The range for x is 0 to infinite and
the range for y is 0 to n
Where n is the total number of components in the tv set


e.g 2
Fast food restaurant operates drive up and walk up
X is proportion of time for drive up in use (at least one customer is being served or waiting)
Y is walk up window is in used

Rx, 0 < = X <= 1
Ry, 0 < = Y <=1

The range must be between 1 and 0 because it is proportional of time use

This is continuous because it takes all values within the unit square

Joint probability density function

Joint probability functions for discrete random variables

Definition
Let (X,Y) be a 2 dim discrete random variable define on the sample space of an experiment.
We associate a number fxy (Xi, Yi) representing P(X= xi, Y =yi)
and it satisfy the following conditions:
1. fxy >= 0
2. The sum of fxy = 1


Joint probability function

The function is defined for all pairs of values

e.g 1
Find value of k so that the function 
fx,y = kxy for x = 1,2,3 and y = 1,2,3
can serve as a joint probability function

There are 3 possible values for each variables, thus there are a possible 9 combinations (3*3)

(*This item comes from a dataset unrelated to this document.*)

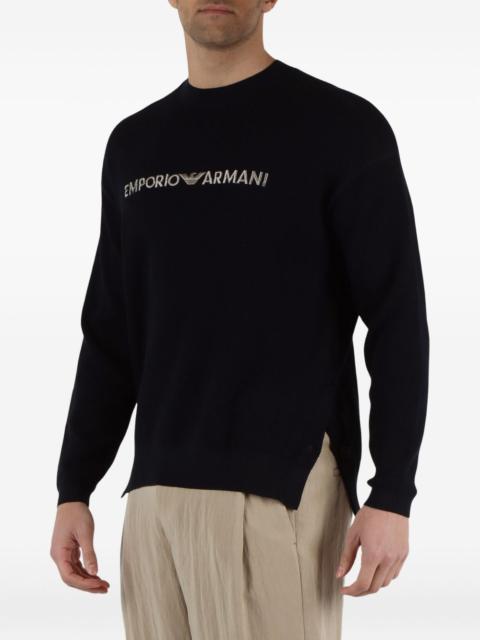 EMPORIO ARMANI logo side-slits sweater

We need to sum up all the probabilities, it will give us one
1k + 2k  +3k + 2k + 4k+ 6k+ 3k + 6k + 9k = 1
k = 1/36

How do we know when the f(x,y) is 0?
When the values are outside the range of the function (ie, x and y are wrong numbers)

e.g 2
A company has lines A and B which produce 5 and 3 machines respectively
Assume number of machiens produce is random variable
X = Line A
Y = Line B
What is the prob that more machine are produced by line A than by line B on a given day
We are finding:
P(X > Y)
We can find the answer by summing all probabilities where X is greater than Y
We do not bother what is the value of Y, just care only where X is greater than Y

Marginal probability is the sum of all the X when Y is a certain similiar number
ie when Y is 1, sum X1,X2,X3...

What is the conditional probability of X given Y when Y = 0 
F(X | Y = 0) where X has to be defined as a specific number

e.g 3
There are 9 exe, 4 are married, 3 are never married and 2 are divorce
3 of the exe are to be randomly selected for promotion

X is number of married 
Y are never married

Find joint probability function of X and Y
X = 0 ,1,2,3
Y = 0,1,2,3
We cannot have X = 0 and Y = 0 at the same time

The number to select 3 out of 9 is 9C3
The number of ways to select x exe from 4 married, y exe from 3 never married and the rest from divorce is
4Cx * 3Cy * 2C(3-x-7)
such that 1< = x+y < = 3
//this means that x and y must at least contribute 1
//x + y also cannot be bigger than 3 because the max is 3 people to be selected

f(x,y) = P(X = x , Y = y )
= 4Cx * 3Cy * 2C(3-x-7) / 9C3
such that 1< = x+y < = 3 holds true.

What if I add in a variable z to represent the divorce?
-> that is 3 dimension already, the formula does not hold true and it is very complicated
x+ y + z must be equal to 3

Joint probability function for continuous random variables


This must always hold:
1. fxy is greater or equal to 0
2. Integrating fx(x,y) dxdy = 1

When integrating, treat y as an constant.  Integrate with respect to y first.'
Does it matter if we integrate x or y first?
-> There might be some.. but it doesnt matter for this module (LOL)🤣
But if we take the right order, it may make the integration easier. Try to alternate who to integrate first.

e.g 1
P(X + Y >=1)

<Insert 3-23>

Look at the boundary of the pdf
Drawing it out, we can plot the area of the graph that we are looking for using the PDF

Looking at the probability,  we realised that we want the area of the graph that is above the line
x+y =1
However, there is no prob density function for this.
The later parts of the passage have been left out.